Blessed Son
I am speeding on my stunt bike toward a very big & very wooden ramp
beyond which lie 1,000 limousines & the people in the stands
worry I won’t make it— I’ll come crashing through a roof & shatter
a ceilinged mirror & a minibar
if those things are in these limousines.
But they cheer. As I grow older
I grow increasingly reverent of heights & distances
over time. My velocity contends with a universe
expanding in midair, erect with the adrenaline fear
that I might make it after all
Anthony Lee Hamilton
Anthony Lee Hamilton is a writer, musician, and educator from New York. His work has appeared in Cult Magazine, Twyckenham Notes, Poetry South, the Decadent Review, and elsewhere. He holds an MFA from Stony Brook University and is an occasional contributor of book reviews at Foreword Magazine.
Why this Knocked Taylor Out:
The poem takes the idea of performing and/or aging and/or cultural expectations and then makes it tangible. It makes it impossibly tangible in that the speaker of the poem is being asked to do something they can't but they have to attempt either way. There's a leap from one stanza into another where vulnerability is introduced into the poem along with a radical hope. The speaker might make it, and maybe we will too!
I’m also super into poems right now that are willing to risk. I think the end of the poem does that for me in a really effective way. It could come off as cliche, and maybe to another reader it does, but after the almost “silliness” of the first stanza I found myself really willing to be convinced by the speakers faith in something more after the fall.
This poem is short and sweet but punchy, the ability to handle different tones is also really impressive to me.
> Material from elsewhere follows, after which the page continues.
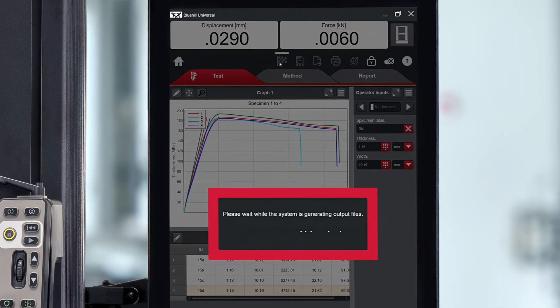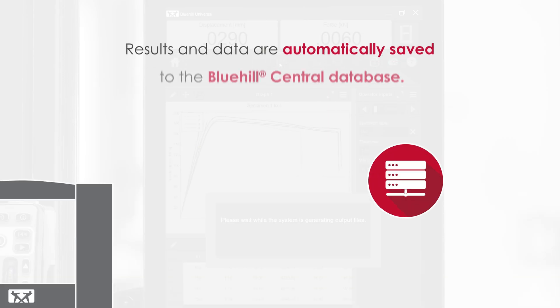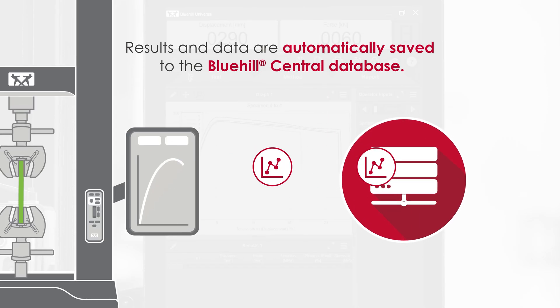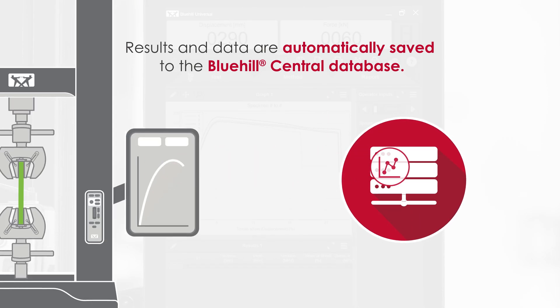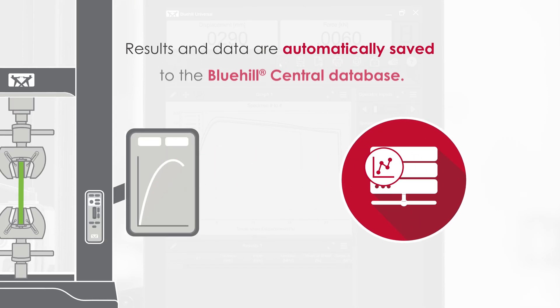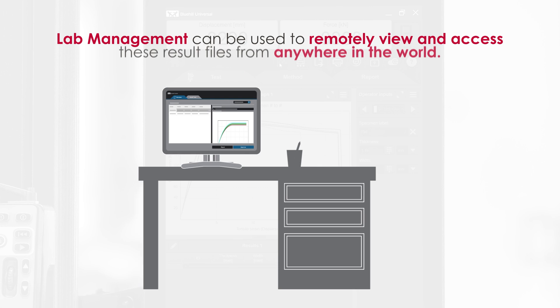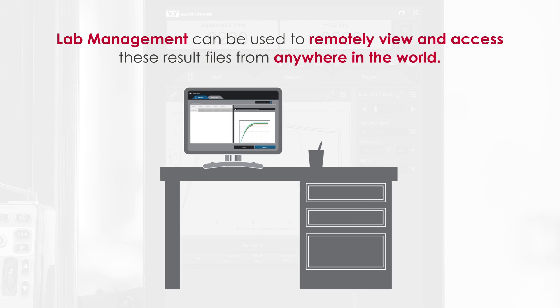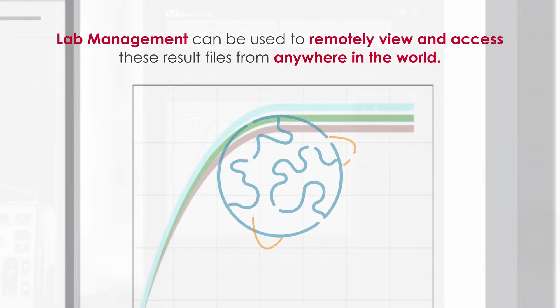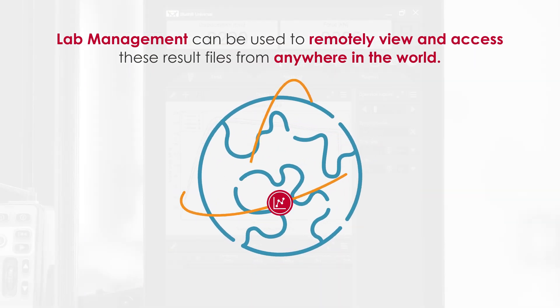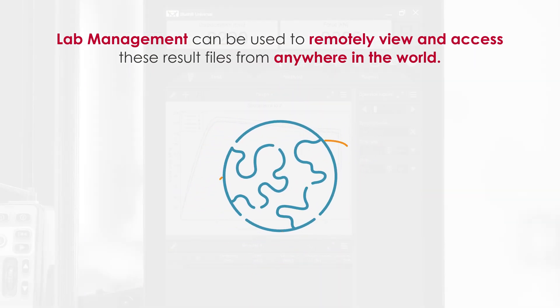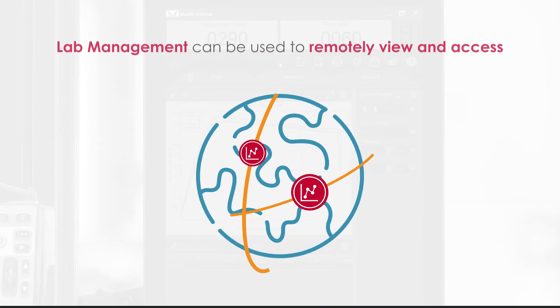Once testing is complete, results and data are automatically saved to the Bluehill Central database. Lab management can be used to remotely view and access these result files from anywhere in the world.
Idk there’s a lot going on here that I think is worth noticing so read it a bunch and notice.
Interview:
Why did you choose Team Taylor for this poem?
For her aesthetic current of obsessive dialogical voices, for her thematic undercurrent of religious existentialism, and for her avowed interest in sports in verse, which stunt-biking seems to be.
When we think about "aboutness" in poetry, do you approach the page thinking of the "aboutness" or does that happen through your exploration process?
It is like how an emotion finding expression in thought works itself into a feeling: if an image finds its proper expression in language, it will probably circumscribe a poem.
When you think of contemporary poetics, are there other poets you find yourself in conversation with?
I can’t help but be in conversation with everything I read. Because how couldn’t I be? You either embrace it or reject it. No use pretending otherwise. To name one feels like excluding so many others, but Rae Armantrout: I’ve been loving her poetics lately, though to say I’m “in conversation” with her work feels a bit audacious.